Kathy Dunbar, 57, New Cross Learning, south London
Kathy Dunbar started to use New Cross library when studying in preparation for going back to work after years as a full-time mother. When she heard that the council planned to close the library in May 2011, she decided to get involved with a campaign to save the library, which eventually lobbied for it to be volunteer-run as an alternative to closure. "There's a gang culture here and this was another thing they would take away from the local children who are already deprived," she says. Having volunteered at her children's schools and at playgroups in the past, she drummed up 5,000 petition signatures in three weeks, then helped organise public meetings and negotiated a deal with the council to take on the library.
The library was renamed New Cross Learning and reopened in August 2011. Dunbar is joint volunteer manager of the library: she says she spends about 50 hours a week there. But despite the library's success, she is not keen on handing public services to volunteers. "It is not right for all libraries because they will not necessarily have volunteers or support from the community," she says. "If you get rid of libraries, they will never come back. I know we have to make cuts, but there are certain things that should not be got rid of."
David Wolstenholme, Little Chalfont Community Library
After retiring from a busy job in the City, David Wolstenholme was ready to get involved in something new. He joined the campaign to stop the closure of the library in Little Chalfont, but when this failed he got involved in the plans to run it with volunteers. Buckinghamshire County Council had initially wanted residents to be responsible for repairs and to pay for support from the library service. But since then it has become more supportive and covers part of its costs.
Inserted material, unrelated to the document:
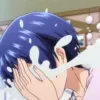 😭 Эмодзи «() Grand Blue S2» для Telegram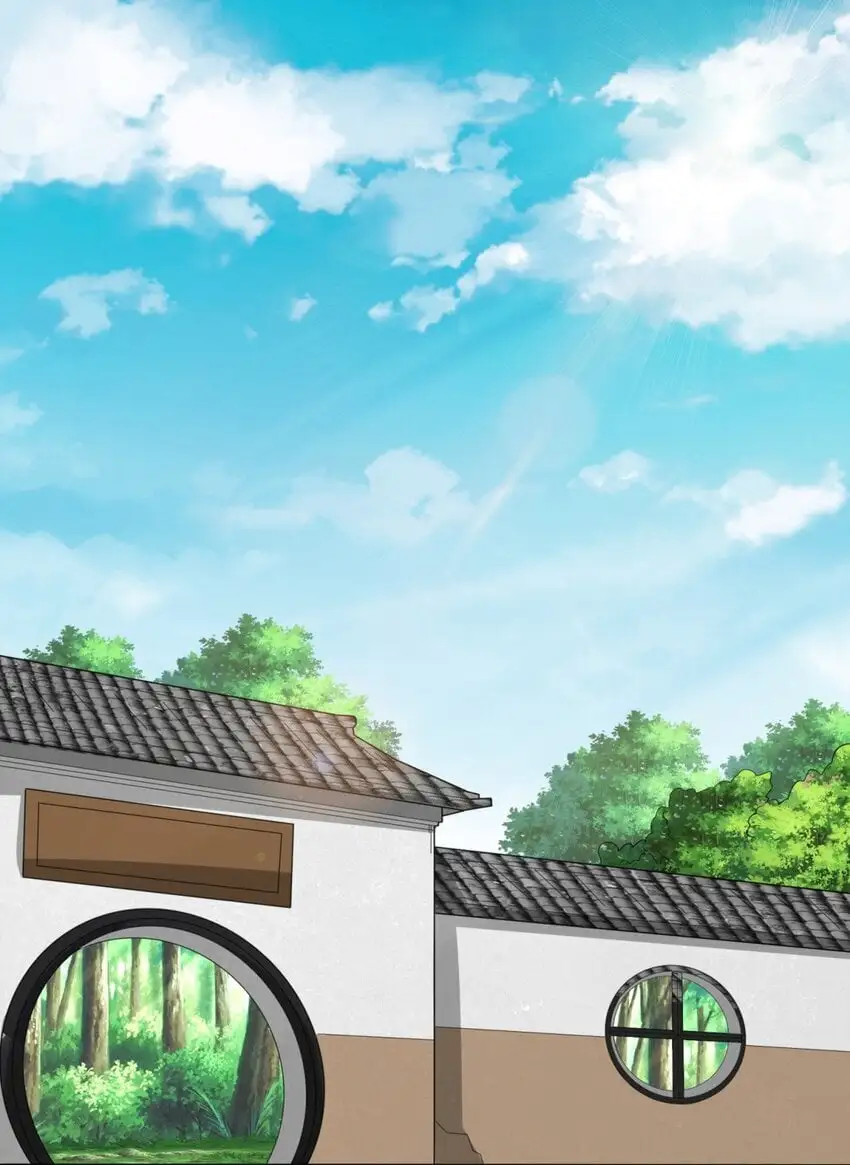 156 焚灭神识20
Wolstenholme says the library's visitor numbers have risen 30 per cent since it became volunteer-run in 2007, but he says libraries should be run by councils because it is not always possible to get enough good volunteers. "Our library is in many ways better than the county library, but that's because of enthusiastic volunteers," he says. "Our argument is it's better to continue as a county library: if this is impossible, we can help with plan B."
He says volunteering at the library has made him feel more involved in the community and it has also provided local people with new opportunities. He cites the example of a woman with mental health problems who had not left her house for six months but started volunteering, initially with a helper. The experience she gained helped her to find a job.
Georgina Mullis, 70, Warmsworth Community Library, near Doncaster
An independent parish councillor, member of Warmsworth Community Partnership and volunteer fundraiser for Macmillan Cancer Support, Mullis (in yellow) has been volunteering for many years. She added to that workload about 18 months ago when she took part in a successful campaign to persuade Doncaster Council to hand her village library over to volunteers rather than close it. She says she and her 75-year-old husband, who volunteers for several of the same groups, are "very much involved" in village life and she thinks the volunteer-run library has brought the community together.
Local people have helped the library by making curtains, baking cakes and donating tea to the new cafe, and local businesses gave discounts or donated equipment. The library plays host to various groups and there are plans to launch film and beauty nights in response to requests from local young people. "Libraries used to be starched and it was all 'shhh', but it is not like that now," she says. She spends about six hours a week in the library doing "what a librarian would do", including receiving and sending books from and to other local libraries in response to readers' requests. She says the council covers almost all the library's costs and adds that having strong local groups, like the parish council, to bring the community together has helped the library to succeed.